Molti artisti hanno compiuto esperimenti sulla percezione visiva. E l’esperimento di cui parliamo qui è forse il più estremo e singolare di tutti.

Corre l’anno 1970. Il giovane artista Giuseppe Penone  ordina a un ottico di fiducia delle lenti a contatto specchiate. Gli servono per un esperimento artistico che lui chiama Rovesciare i propri occhi.

Durante la performance Giuseppe viene fotografato mentre indossa quelle lenti a contatto specchiate.

Le lenti specchiate nascondono lo sguardo dell’artista, gli impediscono di vedere. Nelle foto a lui scattate, i suoi occhi restano invisibili. In compenso noi spettatori guardando le foto osserviamo tutti i paesaggi, i gesti e gli uomini riflessi nelle lenti. Gli scatti ci consentono di notare il panorama di cui l’artista si è privato.

Nelle opere d’arte tradizionale vediamo il mondo rappresentato attraverso la sensibilità di un artista. Con Rovesciare i propri occhi invece vediamo il mondo riflesso sulle lenti specchiate.

L’artista incapace di vedere perde la sua funzione di tramite. La sua sensibilità non conta nulla. Conta solo la capacità delle lenti, di riflettere in modo efficace. Le lenti, mezzi meccanici che obbediscono a leggi fisiche, si sostituiscono agli occhi del creatore d’ arte.

Rovesciare i propri occhi è un esperimento più filosofico che scientifico, una meditazione sul ruolo dell’artista nel mondo. fatta attraverso mezzi ottici.
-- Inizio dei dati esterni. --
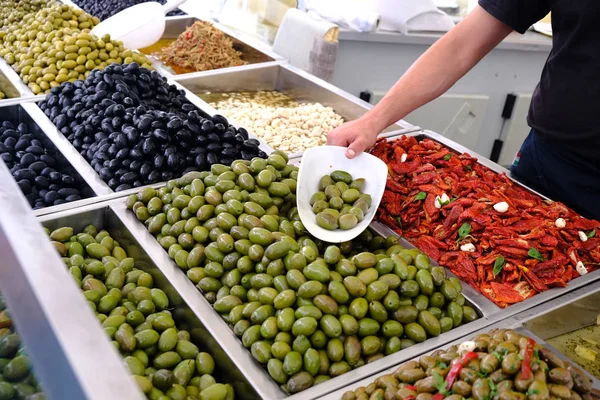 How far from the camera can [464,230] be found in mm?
1899

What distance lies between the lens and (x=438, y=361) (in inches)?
51.1

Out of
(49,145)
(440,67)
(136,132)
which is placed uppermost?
(440,67)

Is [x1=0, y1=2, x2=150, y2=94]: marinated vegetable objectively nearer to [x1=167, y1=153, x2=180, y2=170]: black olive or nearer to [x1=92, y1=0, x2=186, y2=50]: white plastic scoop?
[x1=92, y1=0, x2=186, y2=50]: white plastic scoop

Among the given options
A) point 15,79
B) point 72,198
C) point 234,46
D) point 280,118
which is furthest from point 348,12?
point 72,198

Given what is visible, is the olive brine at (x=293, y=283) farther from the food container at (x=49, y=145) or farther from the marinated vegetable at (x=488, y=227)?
the food container at (x=49, y=145)

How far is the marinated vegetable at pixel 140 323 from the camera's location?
4.40 feet

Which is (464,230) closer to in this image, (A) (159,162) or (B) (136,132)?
(A) (159,162)

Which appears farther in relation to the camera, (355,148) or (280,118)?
(280,118)

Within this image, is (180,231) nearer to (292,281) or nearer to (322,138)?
(292,281)

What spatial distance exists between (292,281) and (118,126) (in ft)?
4.09

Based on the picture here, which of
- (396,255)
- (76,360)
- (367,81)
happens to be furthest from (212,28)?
(76,360)

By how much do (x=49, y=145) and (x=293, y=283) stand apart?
160 centimetres

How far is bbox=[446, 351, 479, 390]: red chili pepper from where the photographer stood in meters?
1.18

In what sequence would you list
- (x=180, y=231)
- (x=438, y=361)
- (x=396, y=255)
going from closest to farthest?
(x=438, y=361), (x=396, y=255), (x=180, y=231) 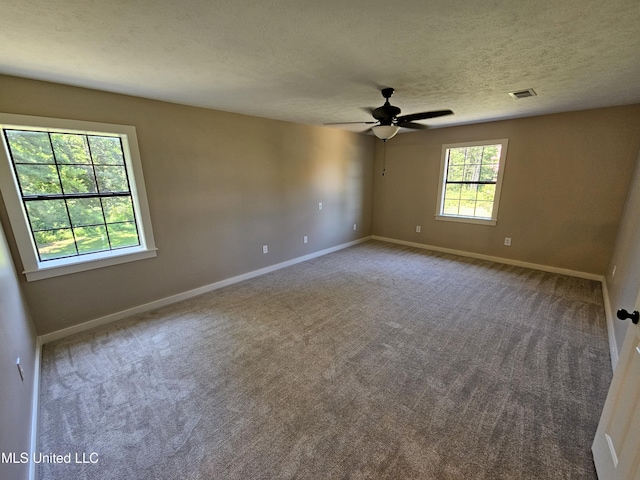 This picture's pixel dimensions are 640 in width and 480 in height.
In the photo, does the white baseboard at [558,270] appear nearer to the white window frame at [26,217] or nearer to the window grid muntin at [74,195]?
the white window frame at [26,217]

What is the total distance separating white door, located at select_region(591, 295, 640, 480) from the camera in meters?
1.10

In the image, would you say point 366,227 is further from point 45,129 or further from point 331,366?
point 45,129

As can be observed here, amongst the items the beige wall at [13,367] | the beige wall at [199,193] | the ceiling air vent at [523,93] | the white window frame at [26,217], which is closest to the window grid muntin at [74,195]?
the white window frame at [26,217]

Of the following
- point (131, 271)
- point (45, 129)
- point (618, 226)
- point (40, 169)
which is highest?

Così lo ha descritto Giuseppe Penone:

Chiudevo gli occhi allo sguardo ma nello stesso tempo proiettavo all’esterno le immagini che avrei dovuto ricevere. Dalle immagini che un artista riceve a occhi aperti nasce il lavoro. In questo modo era come rimandare immediatamente il lavoro all’esterno ( …) è l’idea del riflettere quanto si vede normalmente.